FTSE Nareit Equity REITs Index – benchmark for Real Estate Fund – The FTSE Nareit Equity REITs Index contains all Equity REITs not designated as Timber REITs or Infrastructure REITs. Prior to December 2010, the index included Timber REITs and Infrastructure REITs.

S&P 500 Index
The S&P 500 Index is a market-capitalization-weighted index of the 500 largest U.S. publicly traded companies. This index is a barometer of the stock market as a whole and, arguably, reflects the economy given the diversity of underlying sectors.

Indices are unmanaged and do not reflect the effect of fees. One cannot invest directly in an index.

Lipper Peer Group Definitions



Lipper Short Investment Grade Debt Classification – peer group for Limited Duration Fund
Funds that invest primarily in investment-grade debt issues (rated in the top four grades) with dollar-weighted average maturities of less than three years.
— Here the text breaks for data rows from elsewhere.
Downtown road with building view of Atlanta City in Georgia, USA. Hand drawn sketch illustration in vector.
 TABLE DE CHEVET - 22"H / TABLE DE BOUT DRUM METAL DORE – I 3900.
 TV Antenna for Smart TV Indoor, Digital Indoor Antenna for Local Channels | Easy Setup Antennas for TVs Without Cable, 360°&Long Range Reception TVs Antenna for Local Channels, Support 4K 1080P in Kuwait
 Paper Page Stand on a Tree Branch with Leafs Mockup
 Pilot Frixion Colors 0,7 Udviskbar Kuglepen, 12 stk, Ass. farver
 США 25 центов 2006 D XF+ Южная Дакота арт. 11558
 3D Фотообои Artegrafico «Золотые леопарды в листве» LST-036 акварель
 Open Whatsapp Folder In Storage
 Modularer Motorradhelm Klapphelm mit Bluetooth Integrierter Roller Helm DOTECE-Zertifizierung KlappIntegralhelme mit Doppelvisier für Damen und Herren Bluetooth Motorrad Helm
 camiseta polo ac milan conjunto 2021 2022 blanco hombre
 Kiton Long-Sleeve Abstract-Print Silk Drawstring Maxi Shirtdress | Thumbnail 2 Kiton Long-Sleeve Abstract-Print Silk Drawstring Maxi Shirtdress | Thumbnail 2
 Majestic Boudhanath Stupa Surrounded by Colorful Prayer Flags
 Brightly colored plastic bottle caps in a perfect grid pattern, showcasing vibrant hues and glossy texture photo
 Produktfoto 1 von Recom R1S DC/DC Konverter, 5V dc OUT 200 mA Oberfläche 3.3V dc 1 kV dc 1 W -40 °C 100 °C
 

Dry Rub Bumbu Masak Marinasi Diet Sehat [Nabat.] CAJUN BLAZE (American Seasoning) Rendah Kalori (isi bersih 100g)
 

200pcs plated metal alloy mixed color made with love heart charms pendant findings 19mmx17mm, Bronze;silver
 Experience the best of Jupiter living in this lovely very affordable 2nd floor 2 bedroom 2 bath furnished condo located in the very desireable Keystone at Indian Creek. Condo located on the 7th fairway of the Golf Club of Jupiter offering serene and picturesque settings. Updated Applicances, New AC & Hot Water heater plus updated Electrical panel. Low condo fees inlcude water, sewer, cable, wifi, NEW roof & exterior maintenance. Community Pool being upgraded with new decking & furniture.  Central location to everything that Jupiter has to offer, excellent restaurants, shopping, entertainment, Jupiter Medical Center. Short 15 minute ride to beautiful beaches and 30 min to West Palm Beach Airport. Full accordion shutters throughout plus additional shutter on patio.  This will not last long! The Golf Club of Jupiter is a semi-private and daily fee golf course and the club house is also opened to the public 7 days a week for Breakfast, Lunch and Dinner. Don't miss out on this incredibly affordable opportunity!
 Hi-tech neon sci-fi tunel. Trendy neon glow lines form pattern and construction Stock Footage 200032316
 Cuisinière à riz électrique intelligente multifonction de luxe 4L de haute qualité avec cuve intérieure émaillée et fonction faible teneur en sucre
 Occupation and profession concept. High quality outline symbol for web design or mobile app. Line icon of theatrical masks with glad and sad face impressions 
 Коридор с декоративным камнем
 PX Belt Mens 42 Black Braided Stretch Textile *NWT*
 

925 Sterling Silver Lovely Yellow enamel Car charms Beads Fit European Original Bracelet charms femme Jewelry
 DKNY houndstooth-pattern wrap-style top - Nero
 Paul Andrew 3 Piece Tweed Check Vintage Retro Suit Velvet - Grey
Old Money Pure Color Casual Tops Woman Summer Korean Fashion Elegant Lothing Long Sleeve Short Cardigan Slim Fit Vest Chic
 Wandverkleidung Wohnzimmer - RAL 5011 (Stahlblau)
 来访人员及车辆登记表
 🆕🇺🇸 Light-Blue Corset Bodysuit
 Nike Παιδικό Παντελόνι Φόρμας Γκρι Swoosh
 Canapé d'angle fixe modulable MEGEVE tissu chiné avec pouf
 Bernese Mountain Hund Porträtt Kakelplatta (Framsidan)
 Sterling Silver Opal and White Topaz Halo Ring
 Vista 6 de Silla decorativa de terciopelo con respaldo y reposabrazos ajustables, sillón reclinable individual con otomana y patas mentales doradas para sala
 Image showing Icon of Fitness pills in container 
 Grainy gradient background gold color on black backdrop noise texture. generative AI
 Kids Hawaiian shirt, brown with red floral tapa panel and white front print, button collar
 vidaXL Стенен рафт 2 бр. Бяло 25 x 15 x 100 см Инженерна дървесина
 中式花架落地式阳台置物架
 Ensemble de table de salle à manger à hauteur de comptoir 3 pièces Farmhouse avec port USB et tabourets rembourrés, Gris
The Limited Duration Bond fund ranked 185 out of 369 funds measured for the one year ranking period and ranked 183 out of 288 funds measured for the five year ranking period as of June 30, 2020.

Lipper Core Bond Classification – peer group for Core Bond Fund
Funds that invest at least 85% in domestic investment-grade debt issues (rated in the top four grades) with any remaining investment in non-benchmark sectors such as high-yield, global and emerging market debt. These funds maintain dollar-weighted average maturities of five to ten years. The Core Bond fund ranked 414 out of 515 funds measured for the one year ranking period and ranked 169 out of 415 funds measured for the five year ranking period as of June 30, 2020.

Lipper Multi-Cap Growth Classification – peer group for Large Cap Growth Fund
Funds that, by portfolio practice, invest in a variety of market capitalization ranges without concentrating 75% of their equity assets in any one market capitalization range over an extended period of time. Multi-cap growth funds typically have above-average characteristics compared to the S&P SuperComposite 1500 Index. The Large Cap Growth fund ranked 236 out of 545 funds measured for the one year ranking period ranked and 219 out of 424 funds measured for the five year ranking period as of June 30, 2020.

Lipper Multi-Cap Value Classification – peer group for Large Cap Value Fund
Funds that, by portfolio practice, invest in a variety of market capitalization ranges without concentrating 75% of their equity assets in any one market capitalization range over an extended period of time. Multi-cap value funds typically have below-average characteristics compared to the S&P SuperComposite 1500 Index. The Large Cap Value fund ranked 170 out of 526 funds measured for the one year ranking period and ranked 72 out of 403 funds measured for the five year ranking period as of June 30, 2020.

Lipper Small-Cap Core Classification – peer group for Small Cap Fund
Funds that, by portfolio practice, invest at least 75% of their equity assets in companies with market capitalizations (on a three-year weighted basis) below Lipper’s USDE small-cap ceiling. Small cap core funds have more latitude in the companies in which they invest. These funds typically have average characteristics compared to the S&P SmallCap 600 Index. The Small Cap Equity fund ranked 477 out of 914 funds measured for the one year ranking period and ranked 412 out of 709 funds measured for the five year ranking period as of June 30, 2020.

Lipper International Multi-Cap Core Classification – peer group for International Equity Fund
Funds that, by portfolio practice, invest in a variety of market capitalization ranges without concentrating 75% of their equity assets in any one market capitalization range over an extended period of time. International multi-cap funds typically have characteristics compared to the MSCI EAFE Index. The International Equity fund ranked 272 out of 398 funds measured for the one year ranking period and ranked 20 out of 289 funds measured for the five year ranking period as of June 30, 2020.